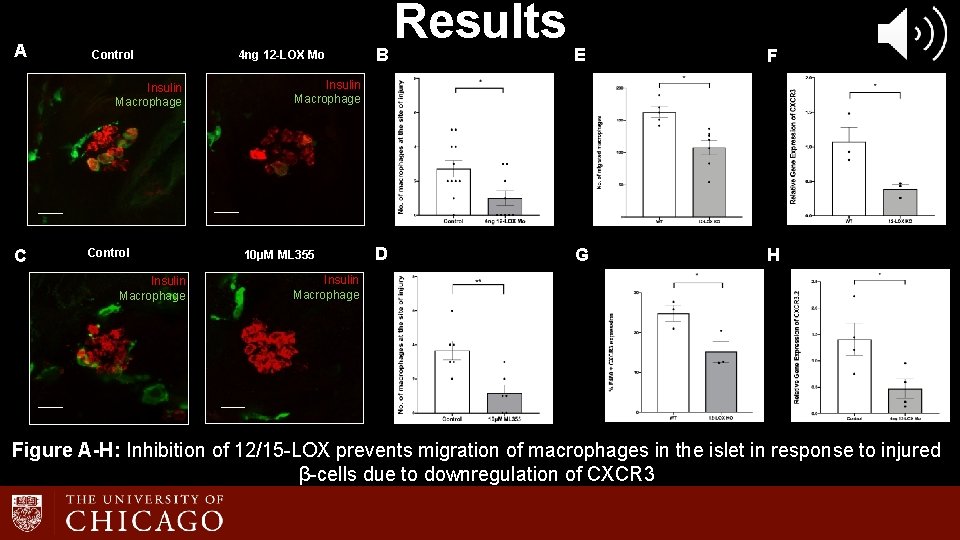 A Control Insulin Macrophage C Control Insulin Macrophage 4 ng 12 -LOX Mo B A Control Insulin Macrophage C Control Insulin Macrophage 4 ng 12 -LOX Mo B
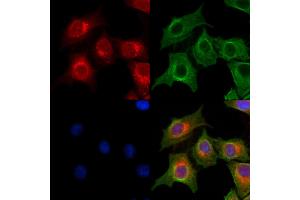 ABIN7094414 and ABIN7098461 staining HepG2 cells by IF/ICC. (OGDHL Antikörper  (Internal Region))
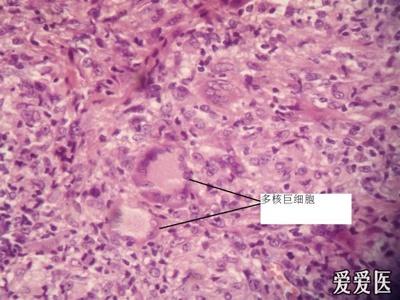 颜面播散性粟粒性狼疮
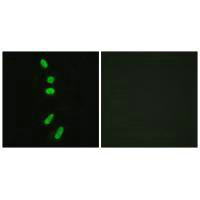 SF1 (Ab-82) Antibody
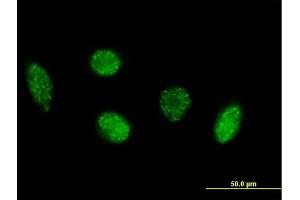Immunofluorescence of purified MaxPab antibody to VIM on HeLa cell. (Vimentin 抗体  (AA 1-466))
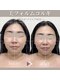 ジョワ(JOIE)の写真/【人気No.1】徹底改善向け｜美フォルムコルギ×選べるオプション90分 〈ご新規様9900円〉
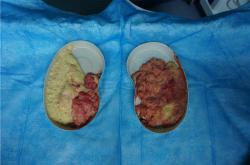 奥美定取出后的恢复期：症状监测与并发症防范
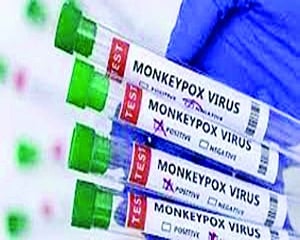 1st desi RT-PCR kit for monkeypox launched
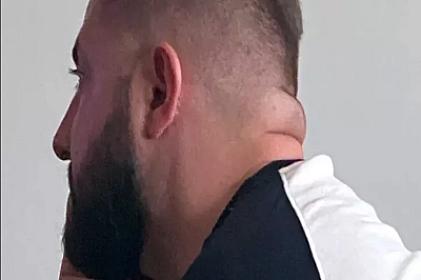 Boynunuzun qalın olması insult və diabet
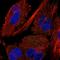 Myotubularin Related Protein 11 antibody, HPA030351, Atlas Antibodies, Immunocytochemistry image 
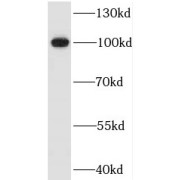 WB analysis of human serum tissue, using ITIH3 antibody (1/1000 dilution).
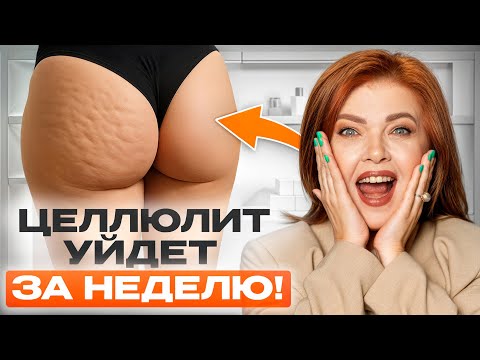 Видео: ВОТ ПОЧЕМУ у вас целлюлит! / Почему появляется целлюлит и как от него ИЗБАВИТЬСЯ?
○ ○ ○ ○ ○
Try it
Leaving the pictures out, set down exactly the lines from the one with "奥美定取出后的恢复期：症状监测与并发症防范" through the end of the records.

Task answer
 奥美定取出后的恢复期：症状监测与并发症防范
 1st desi RT-PCR kit for monkeypox launched
 Boynunuzun qalın olması insult və diabet
 Myotubularin Related Protein 11 antibody, HPA030351, Atlas Antibodies, Immunocytochemistry image 
 WB analysis of human serum tissue, using ITIH3 antibody (1/1000 dilution).
 Видео: ВОТ ПОЧЕМУ у вас целлюлит! / Почему появляется целлюлит и как от него ИЗБАВИТЬСЯ?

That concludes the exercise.